A Corinto la comunità che pure era fiorente e si riuniva regolarmente per la Cena, era divisa: c’era individualismo, opposizione tra ricchi e poveri, tra chi non aveva niente e chi aveva anche troppo; poi c’era la corrente di Paolo, di Cefa, di Apollo… di Cristo. Ciascuno stava con i suoi. Questo si ripercuoteva nella Cena del Signore che era celebrata all’interno di un pasto in una casa della comunità.

«Voi gettate disprezzo sulla Chiesa di Dio – afferma Paolo-. Attenti a non mangiare e bere la vostra condanna!».

Voi – così potremmo tradurre le parole dell’Apostolo – non capite assolutamente quello che fate quando vi radunate in assemblea eucaristica! Celebrate il memoriale del «sì» di Gesù Cristo al Padre e agli uomini e, nello stesso tempo, esprimete indifferenza e divisione all’interno della comunità».

Un rimprovero duro per ribadire che se il Signore Gesù, nell’Eucaristia, ci rende contemporanei al suo gesto di amore per ogni uomo, è perchè anche noi possiamo trovare forza per fare altrettanto.

Verso gli altri non ci lasciamo più guidare dalla simpatia, dal ruolo che uno ricopre, dalle condizioni sociali ma piuttosto dallo stesso atteggiamento di Gesù che ha amato tutti, nemici compresi.

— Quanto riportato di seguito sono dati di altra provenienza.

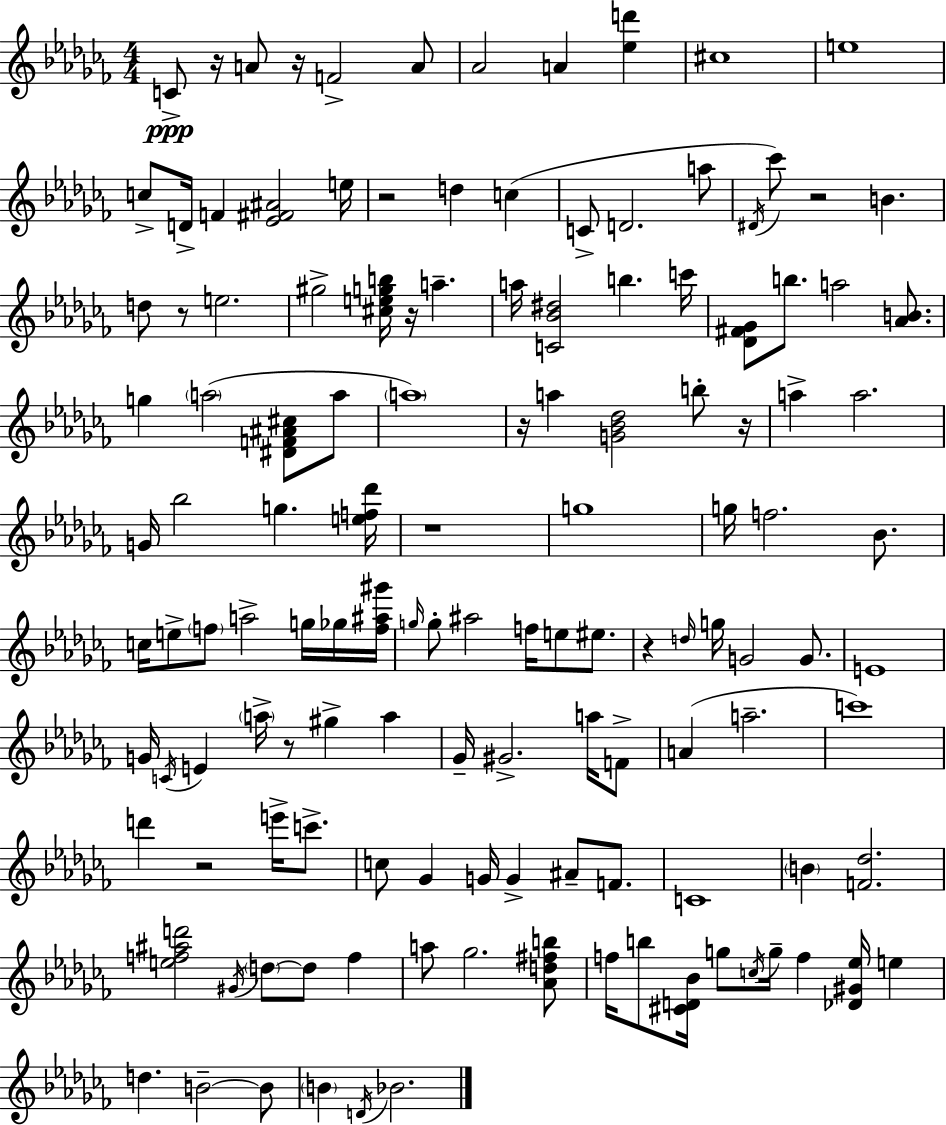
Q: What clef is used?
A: treble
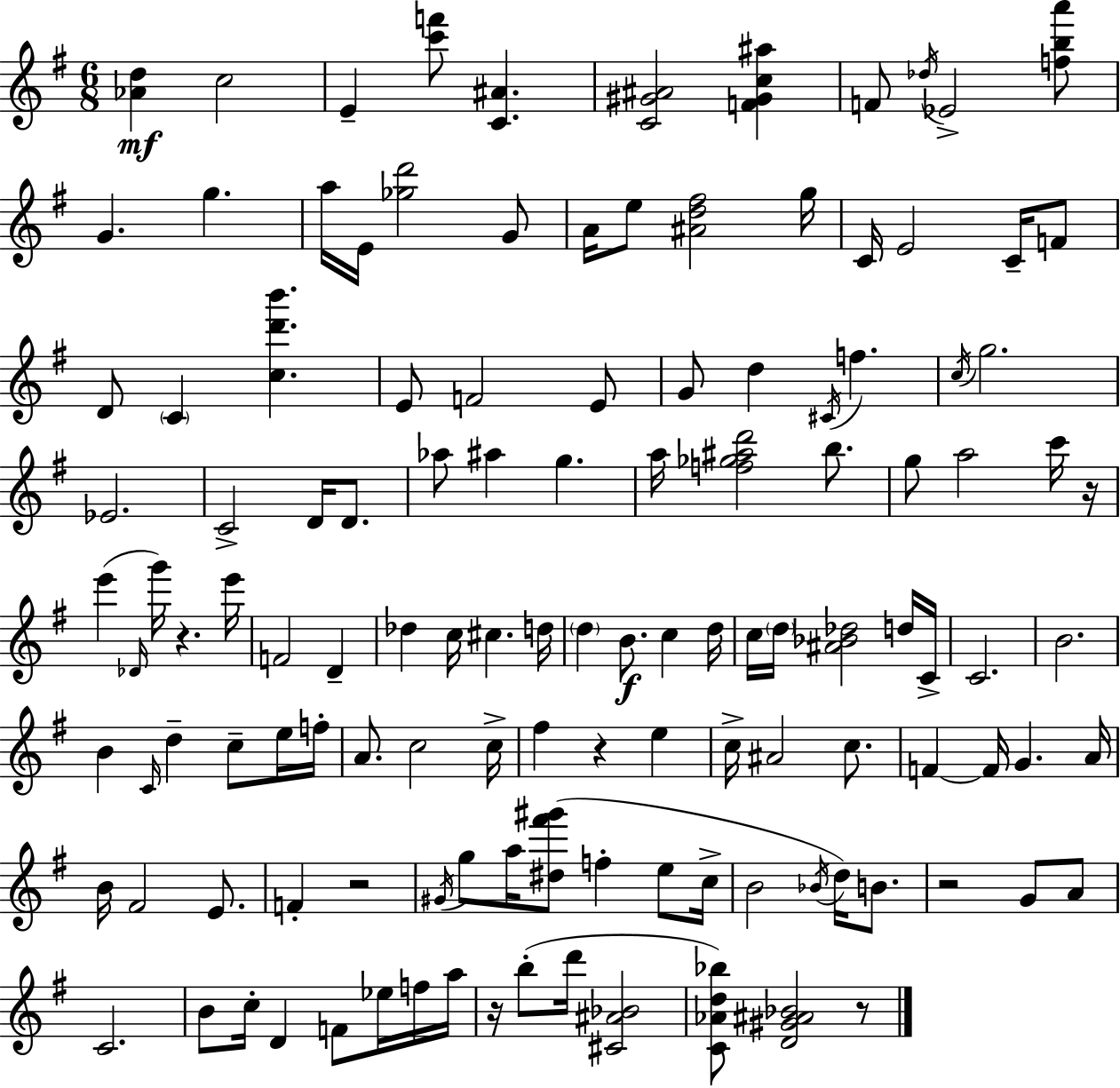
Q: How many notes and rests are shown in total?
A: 126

Perciò da una partecipazione autentica all’Eucaristia deve scaturire una comunità ecclesiale che vive intensamente la comunione come attenzione agli altri, come solidarietà, come perdono, come accoglienza generosa e disponibile verso tutti. Una vita di comunità là dove queste dinamiche non siano presenti è un grave insulto al «Corpo di Cristo», quello di Gesù donato volontariamente sulla Croce per ogni uomo e a quel «Corpo di Gesù» che è la chiesa stessa che, così, rischia di essere un corpo dilaniato.

 

Mangiare per… amare

 

L’Eucaristia ci chiama ad una chiesa che sempre più diventi realtà di comunione, perchè in essa i fratelli vivono la disponibilità e l’attenzione ai poveri, agli ultimi e a tutti coloro che sono in situazioni di bisogno; perchè in essa ciascuno si fa carico della realtà degli altri, degli ammalati, degli anziani, di coloro che sono nella solitudine; perchè in essa si esprime vigilanza e custodia sui piccoli e su coloro che stanno crescendo; perchè in essa c’è il rifiuto di ogni divisione che l’individualismo, l’egoismo e la cattiveria possono far nascere e sostenere.

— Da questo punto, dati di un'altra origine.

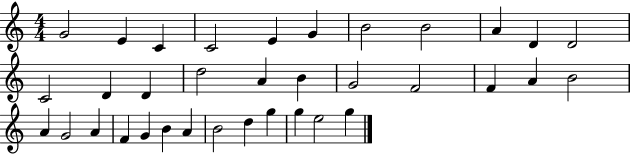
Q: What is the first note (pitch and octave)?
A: G4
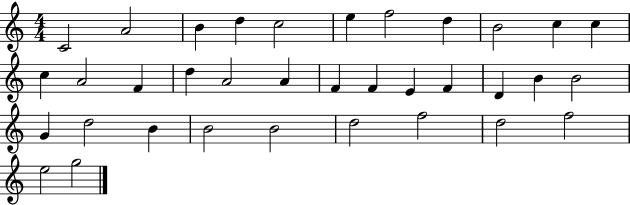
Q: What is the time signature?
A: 4/4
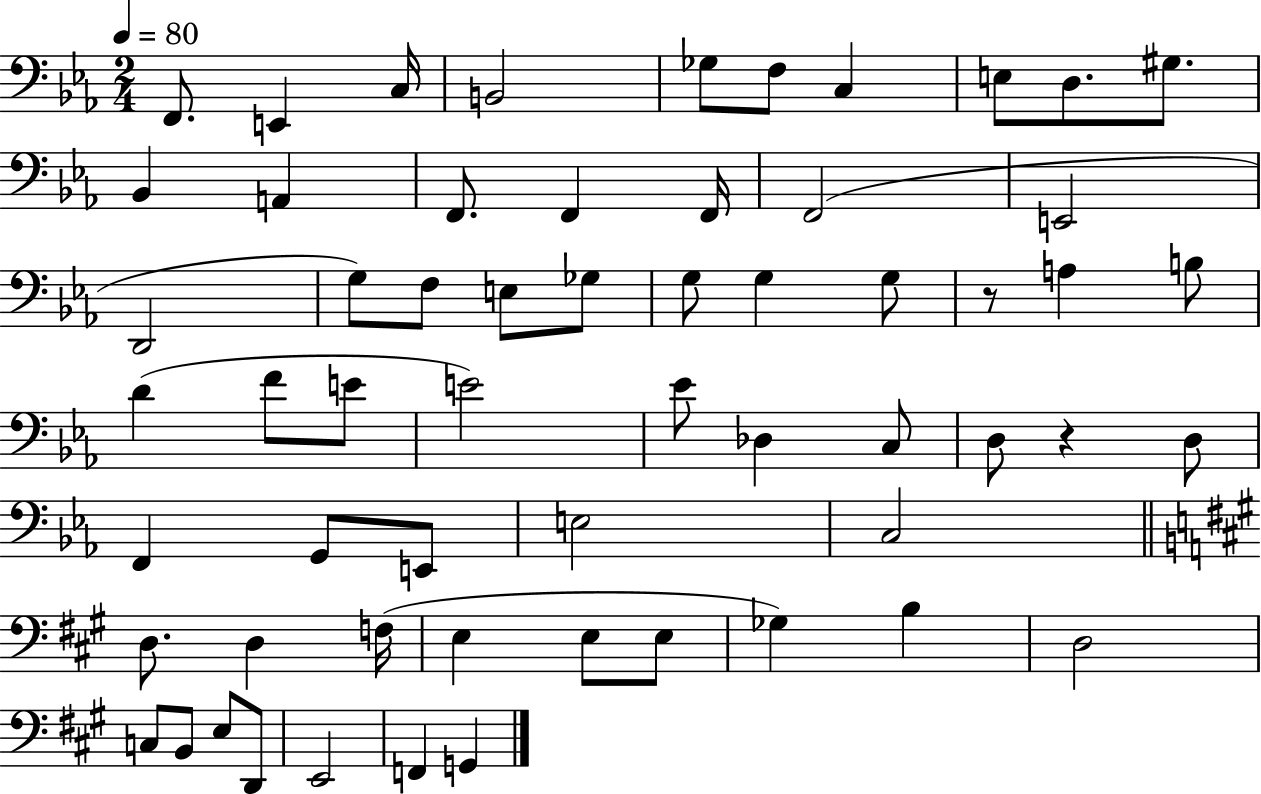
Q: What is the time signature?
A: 2/4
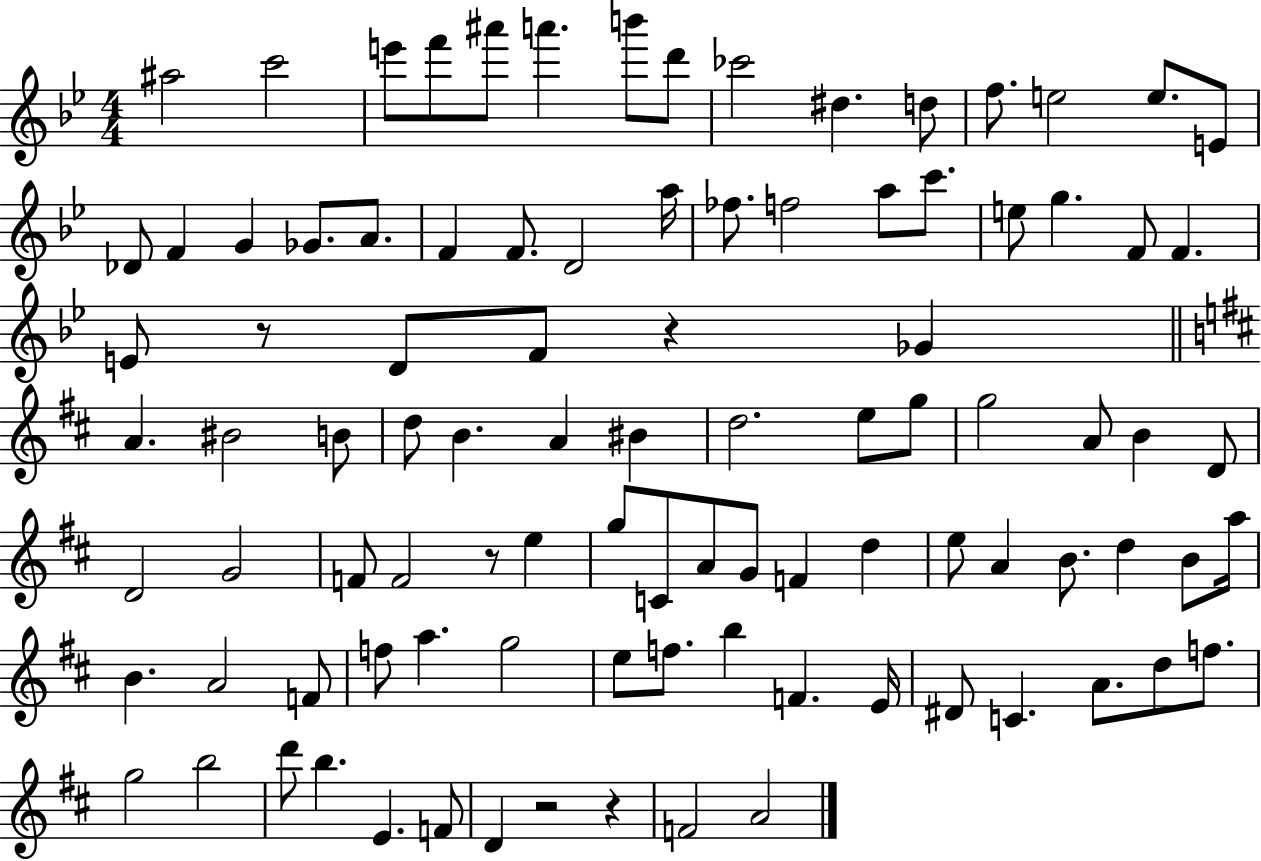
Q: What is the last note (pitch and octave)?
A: A4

Una comunità che cresce con l’Eucaristia è una comunità che rifiuta ogni divisione, anche quelle non volontariamente create e mantenute ma esistenti di fatto, per diventare sempre più una famiglia là dove la gioia e il dolore di uno sono la gioia e il dolore di tutti.

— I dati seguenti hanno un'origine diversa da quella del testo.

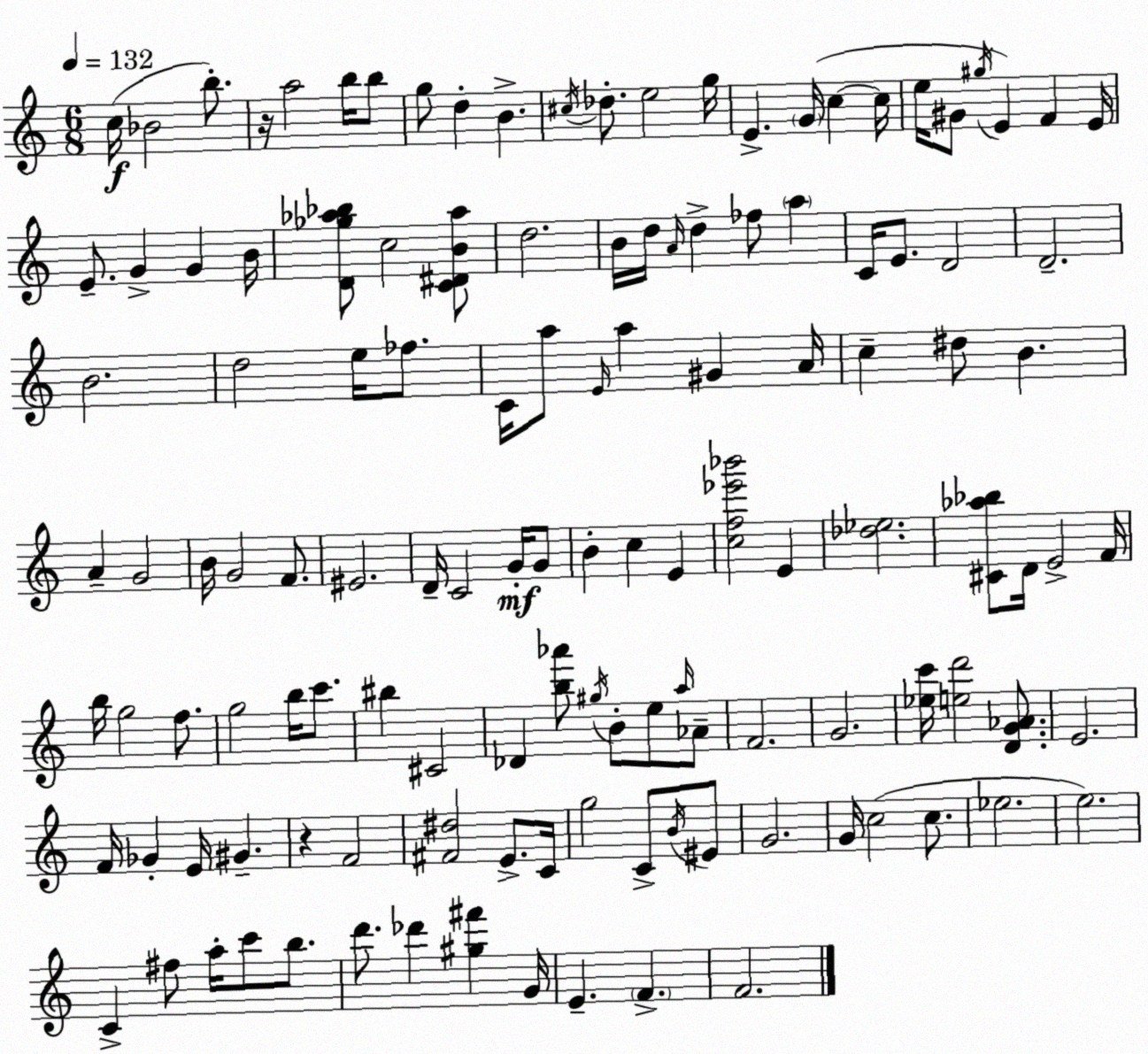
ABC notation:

X:1
T:Untitled
M:6/8
L:1/4
K:Am
c/4 _B2 b/2 z/4 a2 b/4 b/2 g/2 d B ^c/4 _d/2 e2 g/4 E G/4 c c/4 e/4 ^G/2 ^g/4 E F E/4 E/2 G G B/4 [D_g_a_b]/2 c2 [C^DB_a]/2 d2 B/4 d/4 A/4 d _f/2 a C/4 E/2 D2 D2 B2 d2 e/4 _f/2 C/4 a/2 E/4 a ^G A/4 c ^d/2 B A G2 B/4 G2 F/2 ^E2 D/4 C2 G/4 G/2 B c E [cf_e'_b']2 E [_d_e]2 [^C_a_b]/2 D/4 E2 F/4 b/4 g2 f/2 g2 b/4 c'/2 ^b ^C2 _D [b_a']/2 ^g/4 B/2 e/2 a/4 _A/2 F2 G2 [_ec']/4 [ed']2 [DG_A]/2 E2 F/4 _G E/4 ^G z F2 [^F^d]2 E/2 C/4 g2 C/2 B/4 ^E/2 G2 G/4 c2 c/2 _e2 e2 C ^f/2 a/4 c'/2 b/2 d'/2 _d' [^g^f'] G/4 E F F2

Se manca questa voglia di comunione, l’Eucaristia non rende vivi, anzi segna la nostra infermità e la nostra morte. Sembriamo vivi ma in realtà siamo profondamente ammalati: scontenti, amareggiati e sfiduciati, incapaci di tradurre l’amore e la comunione nel quotidiano, impediti di portare nella nostra esistenza quei frutti di vita che solo l’amore può rendere possibili.

Questa nostra indegnità ci allontanerà dalla partecipazione all’Eucaristia? No. Possiamo essere ben consapevoli della nostra incapacità di amare e non per questo astenerci dalla Eucaristia. Anzi, proprio perchè incapaci di amare bisogna mangiare il Cristo. E mangiare insieme, perchè «Egli dimori in noi e noi in Lui». Mangiare di Lui per poter essere e vivere come Lui e per Lui.

Solo bisogna ardentemente volere la solidarietà, la riconciliazione, la capacità di dono di sè. E cercare tutto ciò nel Cristo della Cena.

 

 

 

Aspettatevi gli uni gli altri

 

Paolo, così ammonisce la comunità di Corinto: «Quando, fratelli, vi radunate per la Cena, aspettatevi gli uni gli altri!». Aspettatevi vuol dire accoglietevi, superate le divisioni, mettetevi al passo del più debole, dell’ultimo, con tanta compassione e bontà.